▽

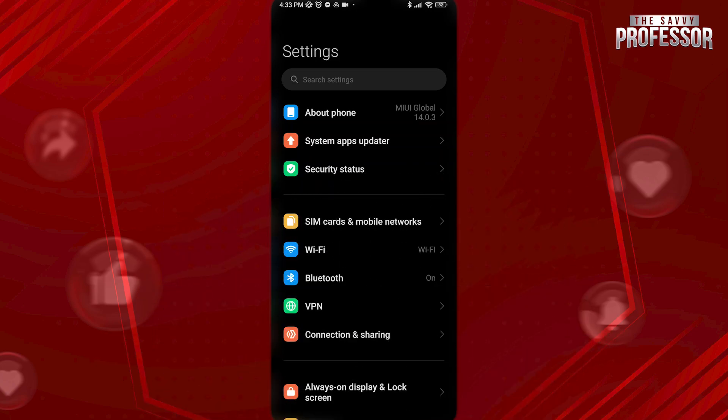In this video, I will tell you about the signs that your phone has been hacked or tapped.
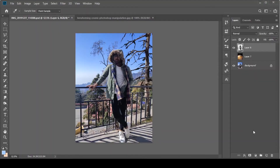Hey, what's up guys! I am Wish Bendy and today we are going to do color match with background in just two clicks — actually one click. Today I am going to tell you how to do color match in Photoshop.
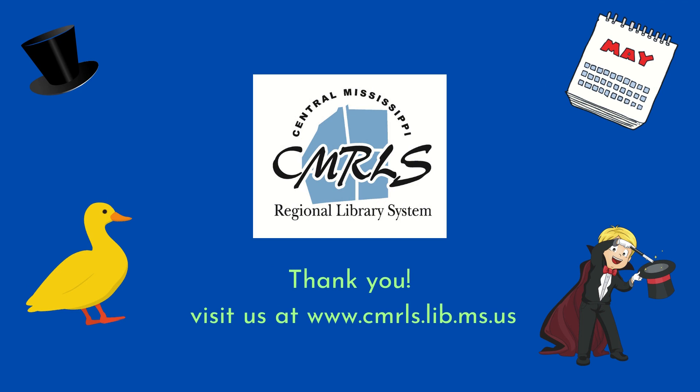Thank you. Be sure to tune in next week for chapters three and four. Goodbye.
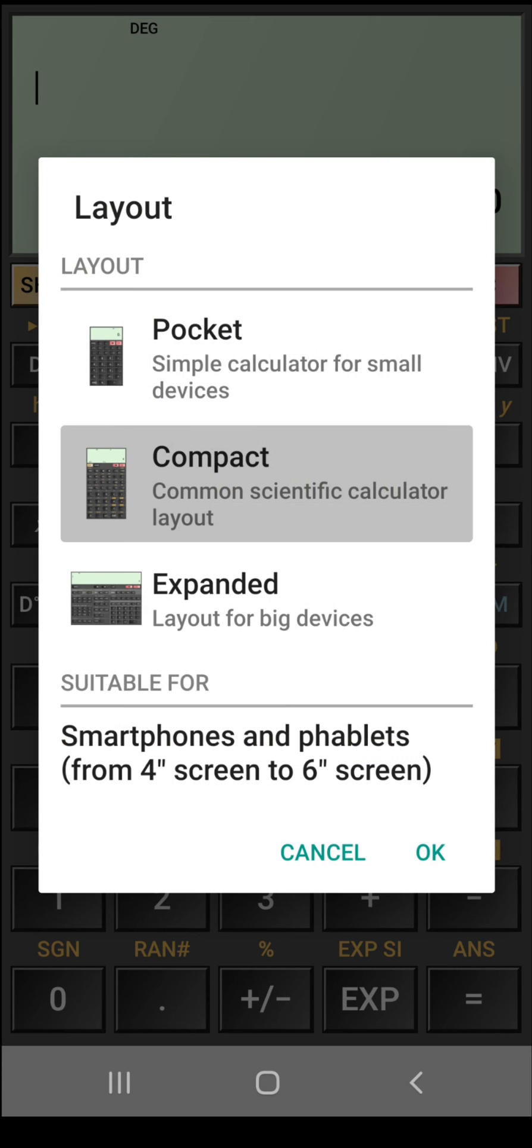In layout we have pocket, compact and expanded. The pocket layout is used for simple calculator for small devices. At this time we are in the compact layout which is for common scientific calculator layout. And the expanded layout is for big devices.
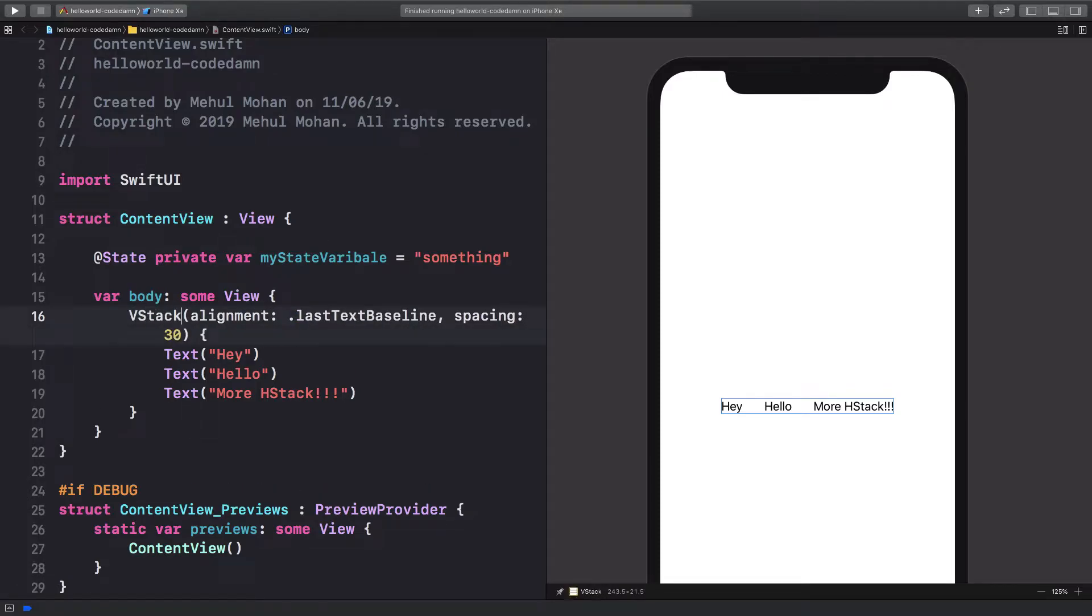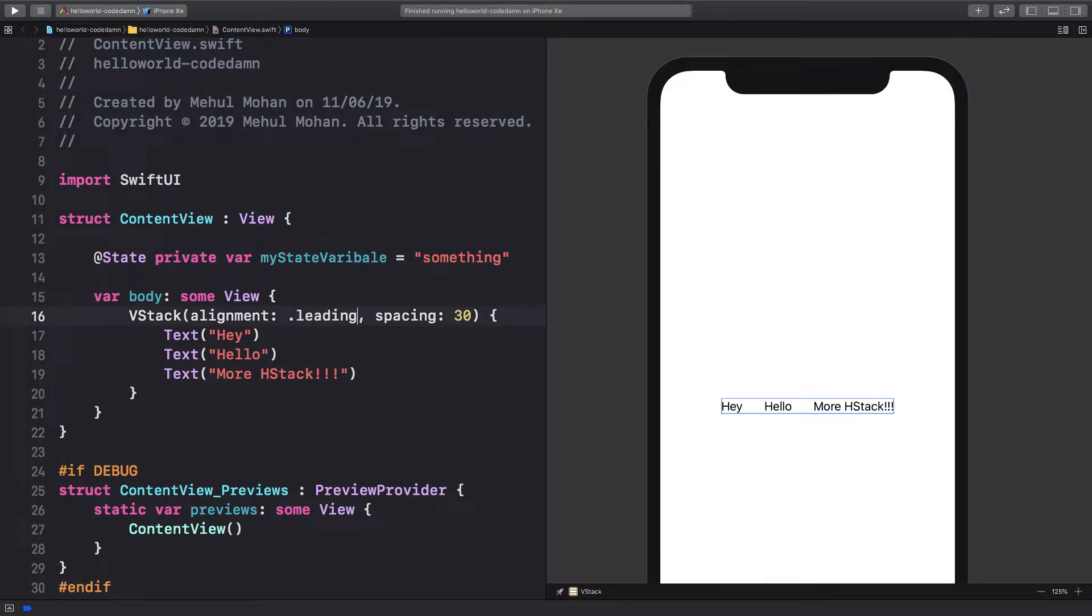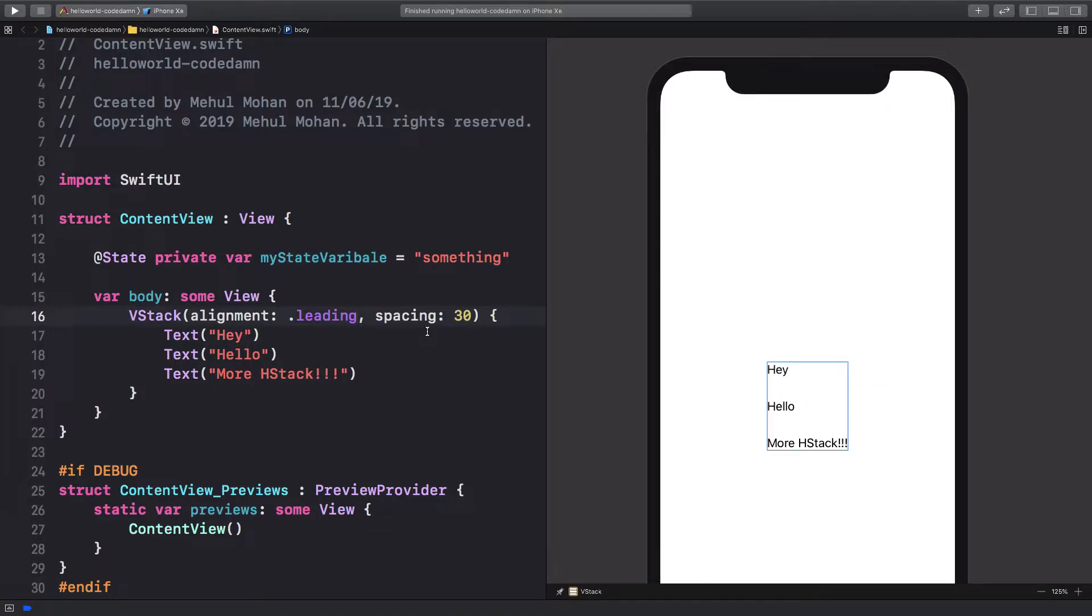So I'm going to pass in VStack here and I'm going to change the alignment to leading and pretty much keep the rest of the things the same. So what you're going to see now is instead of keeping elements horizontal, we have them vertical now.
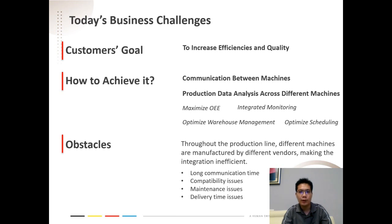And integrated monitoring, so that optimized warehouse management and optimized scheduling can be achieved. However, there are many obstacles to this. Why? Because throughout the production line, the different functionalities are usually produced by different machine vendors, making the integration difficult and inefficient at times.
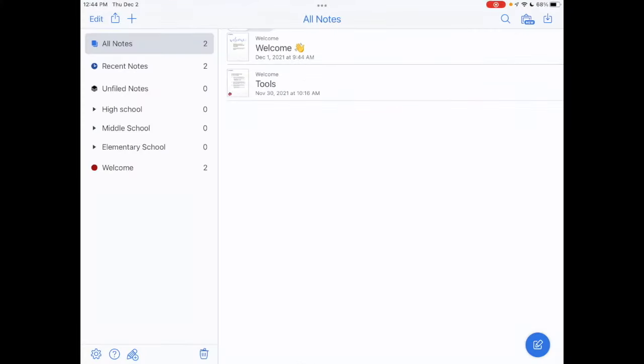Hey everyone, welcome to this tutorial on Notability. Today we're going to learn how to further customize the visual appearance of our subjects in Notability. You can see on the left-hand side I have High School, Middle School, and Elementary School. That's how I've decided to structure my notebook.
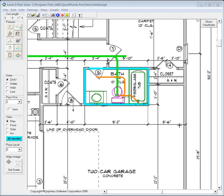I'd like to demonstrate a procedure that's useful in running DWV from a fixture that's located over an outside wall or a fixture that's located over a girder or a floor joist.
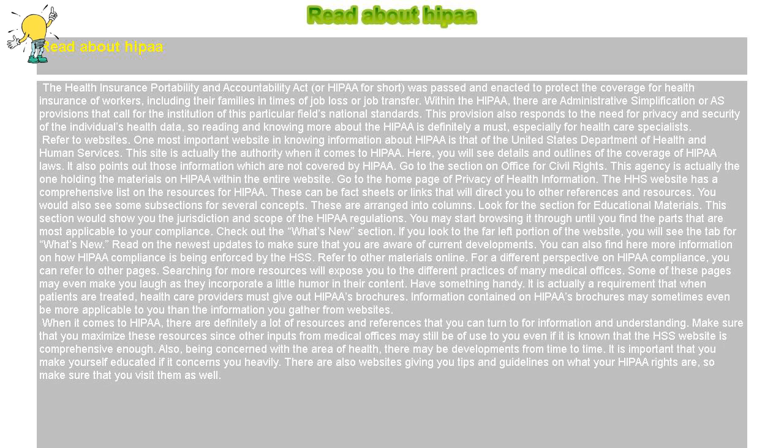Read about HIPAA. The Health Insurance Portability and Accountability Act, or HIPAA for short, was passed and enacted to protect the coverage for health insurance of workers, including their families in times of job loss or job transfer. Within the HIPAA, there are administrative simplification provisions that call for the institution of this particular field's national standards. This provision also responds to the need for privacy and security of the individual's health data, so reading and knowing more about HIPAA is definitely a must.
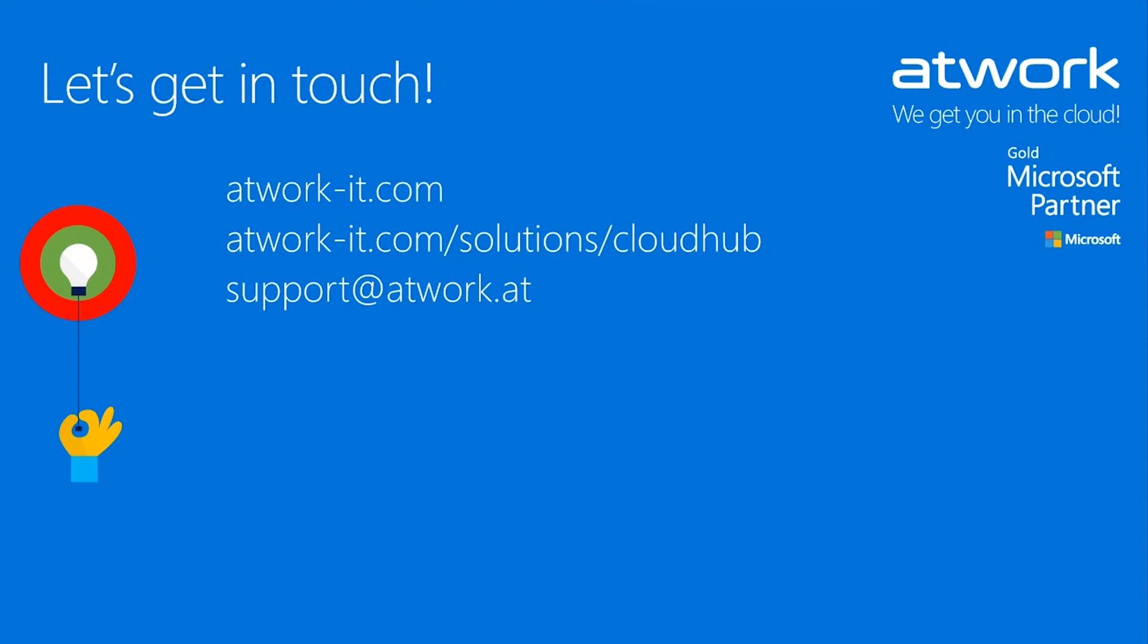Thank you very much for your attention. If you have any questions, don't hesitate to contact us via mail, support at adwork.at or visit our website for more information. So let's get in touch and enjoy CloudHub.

△

◆ Exercise
Every line above in the stretch from the one with "Hey, what's up" through the one with "So I'm going" is to be transcribed exactly, ends included. No picture is copied.

◆ Written answer
Hey, what's up guys! I am Wish Bendy and today we are going to do color match with background in just two clicks — actually one click. Today I am going to tell you how to do color match in Photoshop.
Thank you. Be sure to tune in next week for chapters three and four. Goodbye.
In layout we have pocket, compact and expanded. The pocket layout is used for simple calculator for small devices. At this time we are in the compact layout which is for common scientific calculator layout. And the expanded layout is for big devices.
So I'm going to pass in VStack here and I'm going to change the alignment to leading and pretty much keep the rest of the things the same. So what you're going to see now is instead of keeping elements horizontal, we have them vertical now.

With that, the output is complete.